Tiba di sana pukul 20.00, bangkai dugong dipotong lalu dibagi-bagi kepada warga sekitar. Belum diketahui pasti, apakah daging mamalia laut itu untuk komsumsi atau keperluan lalu.

Anwar Marasabessy, Petugas Cabang Dinas GP2 Dinas Kelautan dan Perikanan Maluku, dikonfirmasi Mongabay, membenarkan, ada penemuan dugong mati.

“Dugong sudah mati kemudian, dipotong dan dibagi-bagi ke warga desa,” katanya, Jumat (29/2/19).

Anwar menyesali tindakan warga, pasalnya dugong satwa dilindungi hingga tak boleh dipotong-potong untuk keperluan warga.

Seto, Kepala Satuan Tugas Peredaran dan Konflik Balai Konservasi Sumber Daya Alam (BKSDA) Maluku berpendapat, satwa terapung saat nelayan cari ikan, sebaiknya bangkai dikuburkan.

“Kemungkinan masyarakat berpikir memanfaatkan daging ketimbang dibuang atau dikubur. Ya, mungkin dapat dimaklumi,” katanya, seraya melarang keras penangkapan duyung ini.

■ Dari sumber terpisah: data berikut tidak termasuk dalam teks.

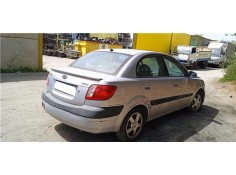 kia rio (jb) del año 2005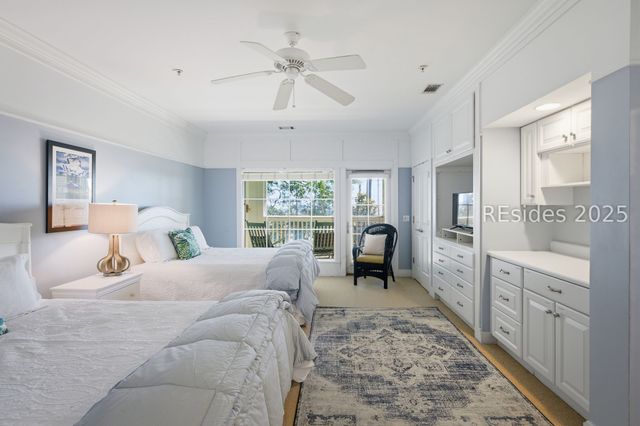 107 Avenue Of Oaks 107C, Daufuskie Island, SC 29915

Meity Pattipawael, Kepala Seksi Wilayah II BKSDA Maluku, mengatakan, perihal penemuan Dinas Kelautan dan Perikanan Maluku, telah peninjauan ke Desa Eti. Di sana, ada bangkai dugong diptong-potong dan dibagikan kepada warga.

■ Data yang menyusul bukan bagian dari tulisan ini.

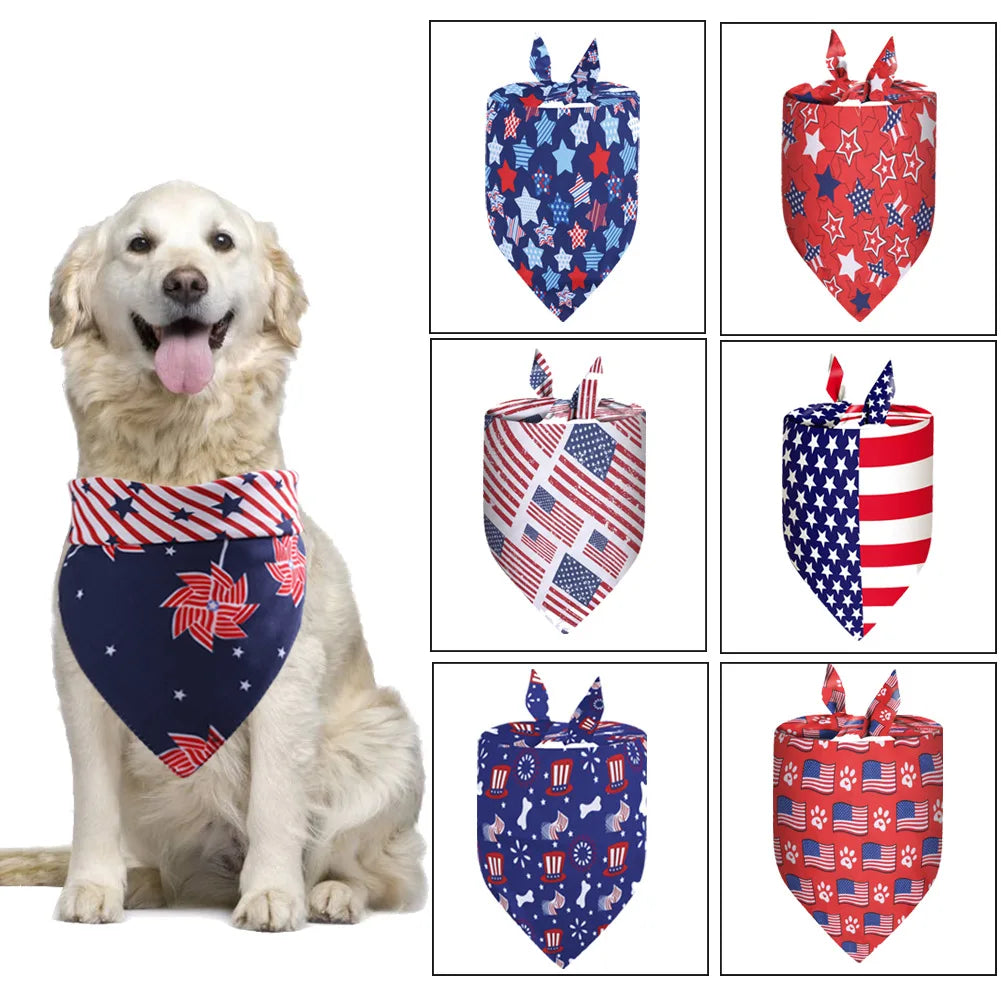 - Pet electric nail grinder silent modelIndependence Day Pet Triangle Scarf American Flag Pattern Dog Bandage for large dogs Fashion Summer Soft Pet Collar Dropshipping - Pet electric nail grinder silent modelIndependence Day Pet Triangle Scarf American Flag Pattern Dog Bandage for large dogs Fashion Summer Soft Pet Collar Dropshipping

Rilis Kepala Loka Pengelolaan Sumber Daya Pesisir dan Laut (PSPL) Sorong, Santoso Budi Widiarto, diterima Mongabay, Sabtu (2/3/19) memberi atensi kepada BKSDA Maluku dan Dinas Perikanan Seram Bagian Barat, lantaran saling koordinasi dan komunikasi soal dugong terdampar di Desa Eti.

PSPL Sorong sebagai Unit Pelaksana Teknis di bawah Direktorat Jenderal Pengelolaan Ruang Luat, Kementerian Kelautan dan Perikanan, mempunyai tugas konservasi jenis satwa dilindungi dan habitat di Maluku, Maluku Utara, Papua dan Papua Barat. Mereka berusaha keras membangun komunikasi perihal terdamparnya mamalia laut.

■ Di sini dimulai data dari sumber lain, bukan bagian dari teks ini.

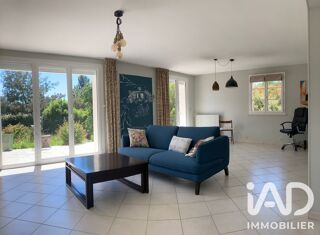  Maison à vendre 6 pièces 149 m²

“Kami apresiasi BKSDA Maluku, Dinas Kelautan dan Perikanan Seram Bagian Barat, karena mampu bangun komunikasi dengan baik,” kata Santoso, dalam rilis.

Duyung atau dugong, katanya, satu dari 35 jenis mamalia laut terbesar di perairan Indonesia. Ia masuk satu dari 20 spesies prioritas Kementerian Kelautan dan Perikanan, yang perlu dilindungi dan memiliki rencana aksi nasional mamalia laut tertuang dalam Permen-KP No. 79/2018.

Maluku, katanya, salah satu simpul mamalia laut terdampar. Di 2018, setidaknya ada enam mamalia laut terdampar, dua dugong. Jadi, katanya, penanganan tepat dan kolaboratif tentu sangat perlu mencegah dampak negatif terhadap lingkungan dan penduduk sekitar.

 

Kejadian serupa di Sulawesi Barat. Barang bukti berupa dugong yang telah dipotong diamankan Polair Polres Polman, Sulawesi Barat. Foto: Muhammad Yusri/Sahabat Penyu/Mongabay Indonesia

 

Dia menyayangkan, tindakan warga memotong dan membagi-bagi daging dugong ke warga lain. Bukan hanya soal satwa dilindungi, tetapi dugong mati terdampar itu bisa membawa penyakit bahaya bagi manusia yang mengkonsumsi.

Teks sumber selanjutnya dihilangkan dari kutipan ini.